Chronique

Steve Shehan

Hang With You

Steve Shehan (hang, space drum, p, b, perc), Golshifteh Farahani (voc, space drum), Ibrahim Maalouf (tp), Ugo Rabec (vln), Virginie Basset (vln), Charlotte Castellat (violoncelle), Didier Malherbe (doudouk), Charles Lucas (b), Peter Herbert (b), Baly Othmani (voc).

Label / Distribution : Naive

Fin du chapitre Hadouk pour le percussionniste Steve Shehan qui décide de se consacrer à l’exploration du hang avec… Hang With You [1], son huitième album solo. Mais il est resté en bons termes avec ses camarades, et nul ne sera surpris de compter Didier Malherbe parmi les invités de ce voyage planétaire en 75 minutes. Le flûtiste saxophoniste est même venu avec son inséparable doudouk, ce hautbois arménien qu’il fait encore chanter une fois dans Hadoukly Yours, dernière production, en quartet cette fois, de son groupe fétiche.

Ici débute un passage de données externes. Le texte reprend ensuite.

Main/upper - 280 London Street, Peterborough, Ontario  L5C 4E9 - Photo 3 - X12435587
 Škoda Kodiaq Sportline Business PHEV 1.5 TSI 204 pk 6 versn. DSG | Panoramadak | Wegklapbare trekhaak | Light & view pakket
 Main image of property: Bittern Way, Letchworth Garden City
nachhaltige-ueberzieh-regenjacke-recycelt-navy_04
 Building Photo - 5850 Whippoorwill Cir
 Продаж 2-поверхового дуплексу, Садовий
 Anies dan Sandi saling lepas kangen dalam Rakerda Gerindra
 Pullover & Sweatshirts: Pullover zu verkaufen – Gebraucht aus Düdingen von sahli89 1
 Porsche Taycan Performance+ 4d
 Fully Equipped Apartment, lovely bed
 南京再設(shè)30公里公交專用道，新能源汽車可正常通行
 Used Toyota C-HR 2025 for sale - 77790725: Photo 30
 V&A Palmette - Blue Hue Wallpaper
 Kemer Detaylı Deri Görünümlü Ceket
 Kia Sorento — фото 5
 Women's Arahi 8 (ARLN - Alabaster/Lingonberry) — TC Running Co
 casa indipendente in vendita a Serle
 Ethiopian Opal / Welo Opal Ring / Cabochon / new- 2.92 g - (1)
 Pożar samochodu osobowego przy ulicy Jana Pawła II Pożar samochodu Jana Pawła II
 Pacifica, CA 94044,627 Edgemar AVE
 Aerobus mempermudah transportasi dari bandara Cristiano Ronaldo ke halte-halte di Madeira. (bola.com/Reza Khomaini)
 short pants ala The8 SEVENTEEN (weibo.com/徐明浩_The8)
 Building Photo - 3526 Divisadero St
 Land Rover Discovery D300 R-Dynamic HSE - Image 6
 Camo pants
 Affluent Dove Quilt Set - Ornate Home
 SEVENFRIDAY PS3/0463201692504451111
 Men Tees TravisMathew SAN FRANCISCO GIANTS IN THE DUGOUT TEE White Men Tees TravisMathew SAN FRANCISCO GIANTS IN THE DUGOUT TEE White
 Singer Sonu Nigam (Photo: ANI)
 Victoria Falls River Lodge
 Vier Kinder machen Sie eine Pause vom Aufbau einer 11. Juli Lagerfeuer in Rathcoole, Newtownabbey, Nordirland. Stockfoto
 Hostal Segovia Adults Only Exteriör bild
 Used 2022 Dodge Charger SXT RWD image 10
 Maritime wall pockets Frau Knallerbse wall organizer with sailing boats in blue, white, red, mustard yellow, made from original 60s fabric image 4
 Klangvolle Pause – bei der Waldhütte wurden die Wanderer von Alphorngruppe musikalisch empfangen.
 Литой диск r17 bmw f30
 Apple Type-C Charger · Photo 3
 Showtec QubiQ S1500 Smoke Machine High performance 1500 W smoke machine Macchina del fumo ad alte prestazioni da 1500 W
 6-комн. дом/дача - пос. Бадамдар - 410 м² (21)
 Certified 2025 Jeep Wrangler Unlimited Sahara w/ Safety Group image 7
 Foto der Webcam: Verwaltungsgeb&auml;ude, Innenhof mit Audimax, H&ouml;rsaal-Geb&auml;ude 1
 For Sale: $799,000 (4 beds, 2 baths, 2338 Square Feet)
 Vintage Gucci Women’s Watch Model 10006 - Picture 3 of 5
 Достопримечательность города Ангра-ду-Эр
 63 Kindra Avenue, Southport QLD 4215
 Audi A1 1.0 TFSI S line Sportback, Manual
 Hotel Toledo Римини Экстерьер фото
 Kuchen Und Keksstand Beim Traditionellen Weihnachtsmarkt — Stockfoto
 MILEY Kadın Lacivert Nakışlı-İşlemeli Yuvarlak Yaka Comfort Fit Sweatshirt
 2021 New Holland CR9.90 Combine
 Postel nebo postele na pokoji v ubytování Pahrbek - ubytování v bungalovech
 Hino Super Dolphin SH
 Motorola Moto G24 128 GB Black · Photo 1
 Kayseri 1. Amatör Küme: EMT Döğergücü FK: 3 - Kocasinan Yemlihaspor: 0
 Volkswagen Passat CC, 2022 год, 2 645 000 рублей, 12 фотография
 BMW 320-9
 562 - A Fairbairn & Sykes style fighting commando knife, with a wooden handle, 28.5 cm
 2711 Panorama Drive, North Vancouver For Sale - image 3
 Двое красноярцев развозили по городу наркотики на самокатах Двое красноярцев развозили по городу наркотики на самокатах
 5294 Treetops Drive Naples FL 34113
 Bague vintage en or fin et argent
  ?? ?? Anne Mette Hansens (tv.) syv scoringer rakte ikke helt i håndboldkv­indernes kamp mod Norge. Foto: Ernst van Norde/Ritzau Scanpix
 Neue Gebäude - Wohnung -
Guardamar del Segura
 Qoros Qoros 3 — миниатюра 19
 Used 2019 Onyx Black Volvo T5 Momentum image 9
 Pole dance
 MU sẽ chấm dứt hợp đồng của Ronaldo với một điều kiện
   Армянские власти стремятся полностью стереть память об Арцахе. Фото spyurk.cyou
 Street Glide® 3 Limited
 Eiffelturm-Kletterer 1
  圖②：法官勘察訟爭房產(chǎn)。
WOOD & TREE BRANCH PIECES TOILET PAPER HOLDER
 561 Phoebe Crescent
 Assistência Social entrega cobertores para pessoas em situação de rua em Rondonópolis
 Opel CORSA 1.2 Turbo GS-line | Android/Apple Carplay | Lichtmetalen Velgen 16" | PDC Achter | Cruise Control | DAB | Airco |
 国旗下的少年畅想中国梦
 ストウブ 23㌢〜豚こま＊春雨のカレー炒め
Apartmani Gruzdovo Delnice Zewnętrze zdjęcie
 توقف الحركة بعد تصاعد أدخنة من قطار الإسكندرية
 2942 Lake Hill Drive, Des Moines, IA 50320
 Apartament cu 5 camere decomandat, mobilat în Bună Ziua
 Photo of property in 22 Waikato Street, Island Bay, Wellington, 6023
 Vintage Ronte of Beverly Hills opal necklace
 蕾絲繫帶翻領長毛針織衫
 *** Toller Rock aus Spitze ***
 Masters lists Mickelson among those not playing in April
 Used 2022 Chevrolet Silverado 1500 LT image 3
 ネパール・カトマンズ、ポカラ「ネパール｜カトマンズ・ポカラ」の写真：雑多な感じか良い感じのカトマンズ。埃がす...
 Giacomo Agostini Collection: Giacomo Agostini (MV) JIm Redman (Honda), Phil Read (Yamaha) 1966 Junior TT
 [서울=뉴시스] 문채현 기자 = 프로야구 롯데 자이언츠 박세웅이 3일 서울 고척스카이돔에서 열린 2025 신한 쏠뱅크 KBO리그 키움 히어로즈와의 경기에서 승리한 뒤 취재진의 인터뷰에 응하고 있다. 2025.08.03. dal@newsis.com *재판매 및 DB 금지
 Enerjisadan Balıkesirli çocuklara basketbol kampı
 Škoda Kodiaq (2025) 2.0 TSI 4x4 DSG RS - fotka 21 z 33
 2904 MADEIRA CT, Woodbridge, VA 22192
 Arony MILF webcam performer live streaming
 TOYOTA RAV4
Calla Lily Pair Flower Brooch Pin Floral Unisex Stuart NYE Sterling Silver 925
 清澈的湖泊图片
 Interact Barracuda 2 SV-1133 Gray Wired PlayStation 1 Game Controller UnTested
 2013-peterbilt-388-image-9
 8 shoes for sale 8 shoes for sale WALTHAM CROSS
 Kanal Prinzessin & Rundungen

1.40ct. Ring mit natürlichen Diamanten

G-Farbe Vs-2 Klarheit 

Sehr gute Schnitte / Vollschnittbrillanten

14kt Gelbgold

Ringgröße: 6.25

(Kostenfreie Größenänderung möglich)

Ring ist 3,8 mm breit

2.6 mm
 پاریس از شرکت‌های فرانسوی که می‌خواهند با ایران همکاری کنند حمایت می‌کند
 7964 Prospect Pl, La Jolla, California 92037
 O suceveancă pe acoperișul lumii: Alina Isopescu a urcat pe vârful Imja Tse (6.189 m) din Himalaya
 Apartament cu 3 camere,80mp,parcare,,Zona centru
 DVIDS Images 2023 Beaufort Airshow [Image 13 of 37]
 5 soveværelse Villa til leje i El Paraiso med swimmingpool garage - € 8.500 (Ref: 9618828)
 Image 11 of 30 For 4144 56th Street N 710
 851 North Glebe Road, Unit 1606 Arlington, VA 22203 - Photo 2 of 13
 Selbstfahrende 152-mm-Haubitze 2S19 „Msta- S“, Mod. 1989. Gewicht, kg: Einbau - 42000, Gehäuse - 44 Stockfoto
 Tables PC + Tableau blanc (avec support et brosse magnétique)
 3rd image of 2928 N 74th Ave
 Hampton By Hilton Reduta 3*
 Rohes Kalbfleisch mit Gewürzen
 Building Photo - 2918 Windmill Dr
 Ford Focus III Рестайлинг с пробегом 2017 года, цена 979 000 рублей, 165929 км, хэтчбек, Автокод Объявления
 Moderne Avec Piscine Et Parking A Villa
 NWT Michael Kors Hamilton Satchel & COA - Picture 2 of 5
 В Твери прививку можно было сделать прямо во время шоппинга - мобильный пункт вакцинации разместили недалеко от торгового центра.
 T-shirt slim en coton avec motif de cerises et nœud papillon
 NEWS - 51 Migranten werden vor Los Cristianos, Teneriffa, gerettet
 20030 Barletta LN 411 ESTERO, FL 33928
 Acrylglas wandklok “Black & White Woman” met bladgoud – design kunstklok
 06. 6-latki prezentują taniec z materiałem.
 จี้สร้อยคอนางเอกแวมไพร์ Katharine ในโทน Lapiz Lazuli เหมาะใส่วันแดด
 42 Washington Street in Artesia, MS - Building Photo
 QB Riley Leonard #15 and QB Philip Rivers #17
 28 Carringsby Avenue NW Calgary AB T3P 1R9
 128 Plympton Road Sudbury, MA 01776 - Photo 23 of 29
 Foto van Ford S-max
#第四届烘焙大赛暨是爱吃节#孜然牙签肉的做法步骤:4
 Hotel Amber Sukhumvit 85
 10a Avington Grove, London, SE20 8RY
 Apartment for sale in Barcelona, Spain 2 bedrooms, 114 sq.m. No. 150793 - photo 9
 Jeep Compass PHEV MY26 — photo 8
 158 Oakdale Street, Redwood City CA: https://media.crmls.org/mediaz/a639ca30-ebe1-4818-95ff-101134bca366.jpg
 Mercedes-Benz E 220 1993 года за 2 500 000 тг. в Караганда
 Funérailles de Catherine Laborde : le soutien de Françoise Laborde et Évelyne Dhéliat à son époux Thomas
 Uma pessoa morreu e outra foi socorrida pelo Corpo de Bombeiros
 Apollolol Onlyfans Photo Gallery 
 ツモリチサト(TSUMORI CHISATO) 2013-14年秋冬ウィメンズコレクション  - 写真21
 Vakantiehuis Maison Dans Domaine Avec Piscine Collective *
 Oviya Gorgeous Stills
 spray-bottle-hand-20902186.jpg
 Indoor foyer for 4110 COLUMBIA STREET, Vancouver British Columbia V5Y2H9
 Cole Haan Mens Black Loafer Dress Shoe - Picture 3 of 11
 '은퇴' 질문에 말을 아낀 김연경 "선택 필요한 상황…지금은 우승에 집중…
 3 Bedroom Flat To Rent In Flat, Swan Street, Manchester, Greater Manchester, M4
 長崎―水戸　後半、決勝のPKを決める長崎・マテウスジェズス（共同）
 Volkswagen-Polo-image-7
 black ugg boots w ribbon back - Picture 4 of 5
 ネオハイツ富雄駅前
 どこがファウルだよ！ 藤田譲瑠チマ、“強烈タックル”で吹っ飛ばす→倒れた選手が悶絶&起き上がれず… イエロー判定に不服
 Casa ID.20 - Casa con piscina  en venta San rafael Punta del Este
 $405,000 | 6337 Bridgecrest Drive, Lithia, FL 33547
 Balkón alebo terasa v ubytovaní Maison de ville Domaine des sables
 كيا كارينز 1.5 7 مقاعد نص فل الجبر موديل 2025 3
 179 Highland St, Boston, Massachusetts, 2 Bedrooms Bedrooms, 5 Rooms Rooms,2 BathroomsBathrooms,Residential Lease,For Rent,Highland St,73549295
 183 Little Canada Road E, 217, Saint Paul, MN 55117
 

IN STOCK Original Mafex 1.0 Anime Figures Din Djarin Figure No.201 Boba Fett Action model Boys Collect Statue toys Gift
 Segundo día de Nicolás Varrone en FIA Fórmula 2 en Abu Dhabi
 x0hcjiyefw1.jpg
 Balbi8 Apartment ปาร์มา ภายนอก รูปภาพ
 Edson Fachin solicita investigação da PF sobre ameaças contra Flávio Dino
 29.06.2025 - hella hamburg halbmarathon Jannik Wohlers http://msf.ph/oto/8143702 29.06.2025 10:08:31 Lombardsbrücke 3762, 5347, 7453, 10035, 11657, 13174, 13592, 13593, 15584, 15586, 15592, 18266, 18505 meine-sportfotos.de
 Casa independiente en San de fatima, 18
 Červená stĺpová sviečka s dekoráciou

Avant d’aller plus loin, attardons-nous quelques instants sur le hang car, contrairement à ce qu’il serait tentant d’imaginer en raison de son apparente rusticité, ce steel drum ne remonte pas à la nuit des temps. Non, le hang est né au début du siècle, du côté de Berne [2]. Il se compose « d’un volume lenticulaire creux composé de deux coupelles métalliques embouties. La partie supérieure de l’instrument s’appelle le Ding, elle est constituée d’une note fondamentale et de sept ou huit notes qui l’entourent. La partie inférieure, Gu, est une surface lisse dotée d’un trou en son centre » [3]. Voilà donc un petit nouveau dans la sphère musicale ; ses richesses ne pouvaient que séduire le percussionniste, dont on connaît le sens de la polyphonie et la curiosité pour toutes les musiques du monde.

Cette nouvelle quête sonore comportait un piège : celui d’oublier l’émotion au profit d’une ambient music distante et désincarnée. Mais ce musicien habité de longue date par son art n’est pas de ceux qui cèdent à la facilité. Hang With You est une invitation au voyage, et pas seulement au sens spatial. Il faut le comprendre comme le fruit d’une authentique recherche, tant musicale qu’existentielle. Ses couleurs souvent mystérieuses et impressionnistes reflètent une démarche profonde, celle d’une élévation personnelle. Pour l’atteindre, il s’entoure d’artistes impliqués et passionnés comme lui. Leur énumération donne une idée assez précise des directions à partir desquelles il réussit la fusion : Didier Malherbe, on l’a vu, mais aussi Golshifteh Farahani, actrice iranienne elle-même joueuse de hang qu’elle pratique en duo avec lui, le trompettiste franco-libanais Ibrahim Maalouf, le chanteur touareg Baly Othmani, le baryton Ugo Rabec, la violoncelliste Charlotte Castellat ou bien encore le flûtiste sibérien Vladiswar Nadishana.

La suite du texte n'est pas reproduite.